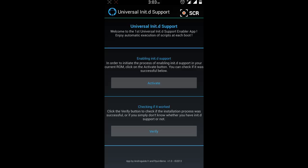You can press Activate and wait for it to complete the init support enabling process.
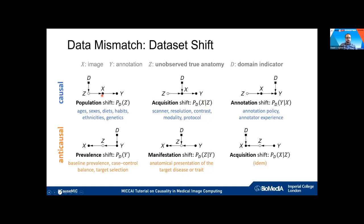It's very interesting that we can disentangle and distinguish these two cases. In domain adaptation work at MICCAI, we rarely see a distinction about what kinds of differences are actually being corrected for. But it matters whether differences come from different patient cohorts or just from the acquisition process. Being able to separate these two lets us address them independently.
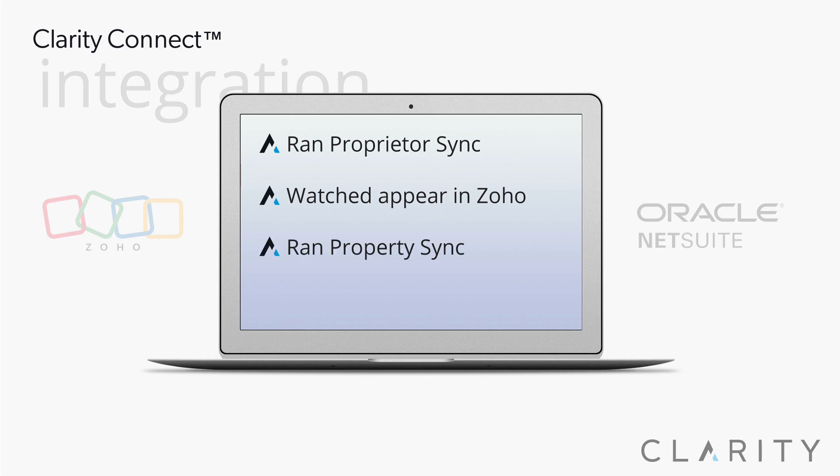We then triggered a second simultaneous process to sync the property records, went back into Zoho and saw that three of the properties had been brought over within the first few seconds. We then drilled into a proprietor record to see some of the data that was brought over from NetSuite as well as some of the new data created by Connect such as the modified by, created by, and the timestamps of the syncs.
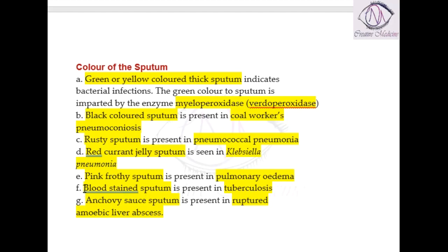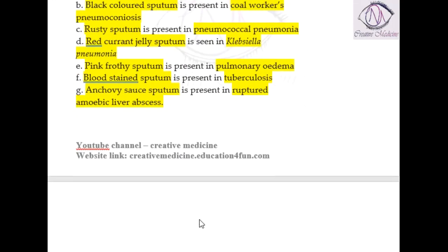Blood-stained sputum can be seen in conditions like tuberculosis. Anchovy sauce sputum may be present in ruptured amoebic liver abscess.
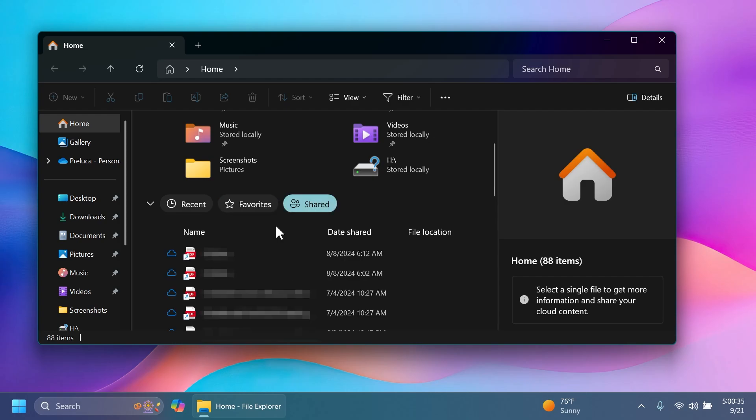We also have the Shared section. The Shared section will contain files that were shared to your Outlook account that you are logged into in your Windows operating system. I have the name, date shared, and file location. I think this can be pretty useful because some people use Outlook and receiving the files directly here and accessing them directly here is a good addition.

==

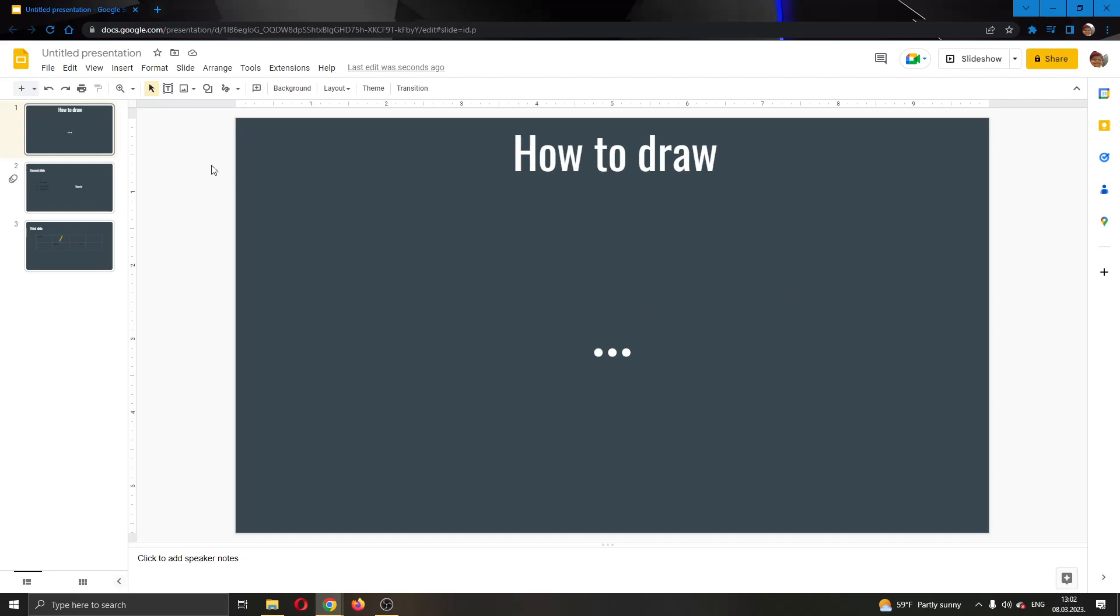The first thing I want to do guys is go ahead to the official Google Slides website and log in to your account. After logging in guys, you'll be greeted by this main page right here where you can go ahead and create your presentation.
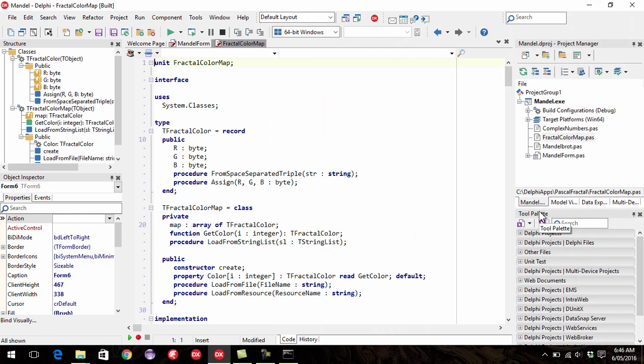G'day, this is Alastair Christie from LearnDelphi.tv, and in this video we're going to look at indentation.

--

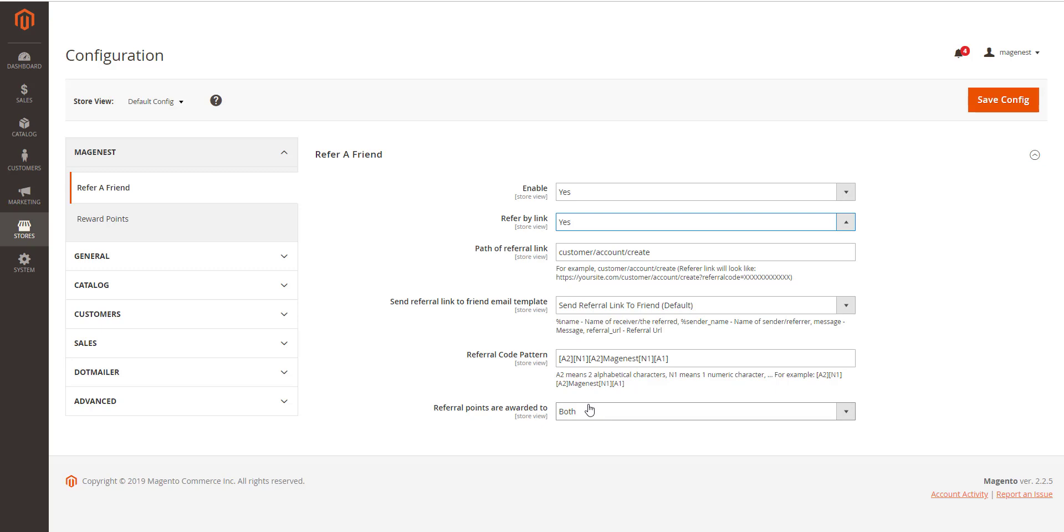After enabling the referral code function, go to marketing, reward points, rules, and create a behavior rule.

● Requirement: Using the data above, print only the lines starting at the one with "We then triggered" and ending at the one with "We also have", exactly as they stand, minus the pictures.

● Written reply:
We then triggered a second simultaneous process to sync the property records, went back into Zoho and saw that three of the properties had been brought over within the first few seconds. We then drilled into a proprietor record to see some of the data that was brought over from NetSuite as well as some of the new data created by Connect such as the modified by, created by, and the timestamps of the syncs.
Blood-stained sputum can be seen in conditions like tuberculosis. Anchovy sauce sputum may be present in ruptured amoebic liver abscess.
We also have the Shared section. The Shared section will contain files that were shared to your Outlook account that you are logged into in your Windows operating system. I have the name, date shared, and file location. I think this can be pretty useful because some people use Outlook and receiving the files directly here and accessing them directly here is a good addition.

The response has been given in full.